Dear data - assessment
Already we have the problem of assessment. I tell students that I won’t be grading them on their artistic skills, but I want a high-quality product. How can I define that?
My rubric is pretty bare-bones.
Data visualization. There is a data visualization. 
Visualization is hand-drawn. Visualization was made by hand, ideally on paper (or other physical media) but okay if done by hand on an electronic tablet. If done electronically, marks should all be done by hand, without things like automatically-perfect circles. 
Legend. Legend exists and explains all encodings. Legend is also hand-drawn. 
Description document exists. 
Question. Description includes question answered. 

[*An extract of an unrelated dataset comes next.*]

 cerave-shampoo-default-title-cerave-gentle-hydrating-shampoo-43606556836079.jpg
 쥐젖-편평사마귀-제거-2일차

Other visualization ideas. Description includes other visualizations brainstormed before the final method was chosen. 
Mappings. Description includes mappings between variables and marks. 
A week’s worth of data. It appears that the visualization includes data collected over the period of a week (or more). 
One number story
“Keep the number of digits in a paragraph below eight.”

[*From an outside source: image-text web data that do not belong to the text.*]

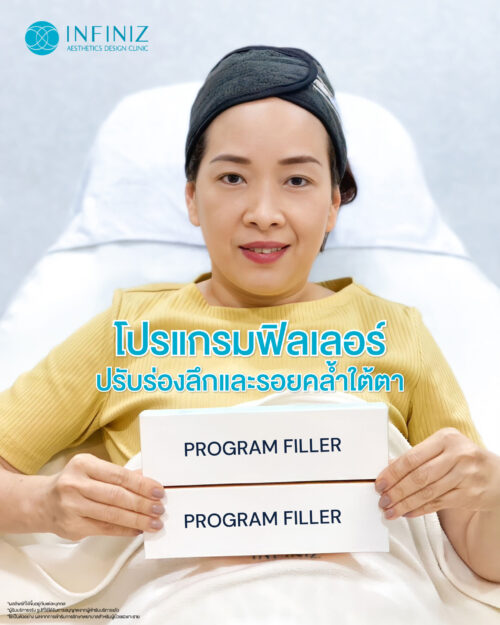 fillrt effect eye 12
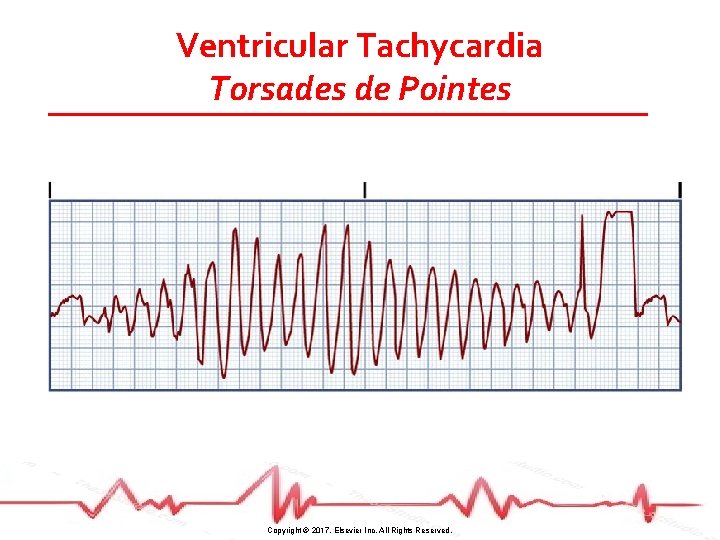 Ventricular Tachycardia Torsades de Pointes Copyright © 2017, Elsevier Inc. All Rights Reserved. 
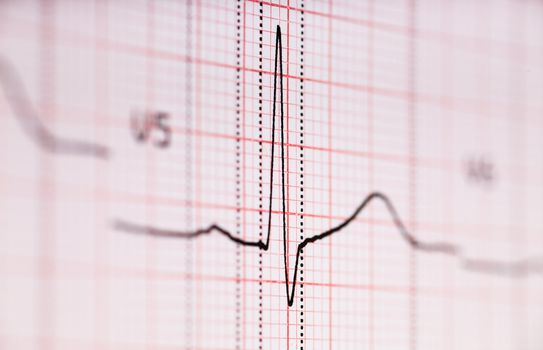 Closeup view of ECG graph. Electrocardiograph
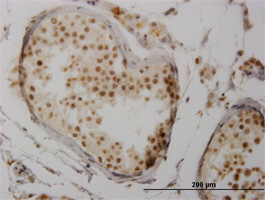 NFATC3 Antibody (monoclonal) (M02)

“You’d be over your allocation with a sentence like this: The Office of Redundancy’s budget rose 48 percent in 2013, from $700.3 million to $1.03 billion.
Think about how it could change:
Over the past year, the Office of Redundancy’s budget grew by nearly half, to $1 billion.”
– Sarah Cohen, Numbers in the Newsroom
One number story
Focus on one number (but use more numbers to contextualize it!)
That number might be the mean, the median, the maximum, the total…
Use simple data tools— in my class, we use spreadsheets for this assignment (sort, summarize, pivot tables).
- “Boston Wins The High School Dropout Race”
- “Massachusetts Academy of Math and Science Remains Atop the Podium”
- “10 High Schools in Massachusetts had a Perfect Graduation Rate in 2016”
- “New Century School Math Achievement Grows Again”
- “Math achievement lower for SLP students of color”
One number story
This is an assignment with several iterations
- first draft
- peer editing
- final draft
One number story - peer editing
You will end up reading your peer’s piece multiple times, in order to check all of the important components. Here are some guiding questions to consider as you work, although you don’t need to respond to all of them, and there may be more things that strike you that deserve commentary.
Introduction: Read just the headline, the lede and the nutgraf. Do they hook you? Do you want to keep reading? Why or why not?
Flow: is each sentence clearly connected to the one previous and the one following? Do you have a sense throughout the beginning of the article that things are in the “right” order? Context: Do the introductory paragraphs provide a sense that there’s a reason for this piece? Do they give a sense of the larger problem that will be addressed?
Nutgraf: What is the nutgraf? Locate it in the rough draft: is it clearly stated? Help the author decide if it is two broad, too narrow, or just right. Work on rewording if necessary.
Sentences: Read the rest of the piece, paying close attention to each sentence and to the flow of one sentence into the next. Are there mistakes in grammar, usage, spelling, or typing? Mark them on the draft. Do the sentences flow nicely, or do some of them feel as if they need reworking? Choose two sentences that you feel may need work, mark them on the rough draft, and make suggestions for possible revisions.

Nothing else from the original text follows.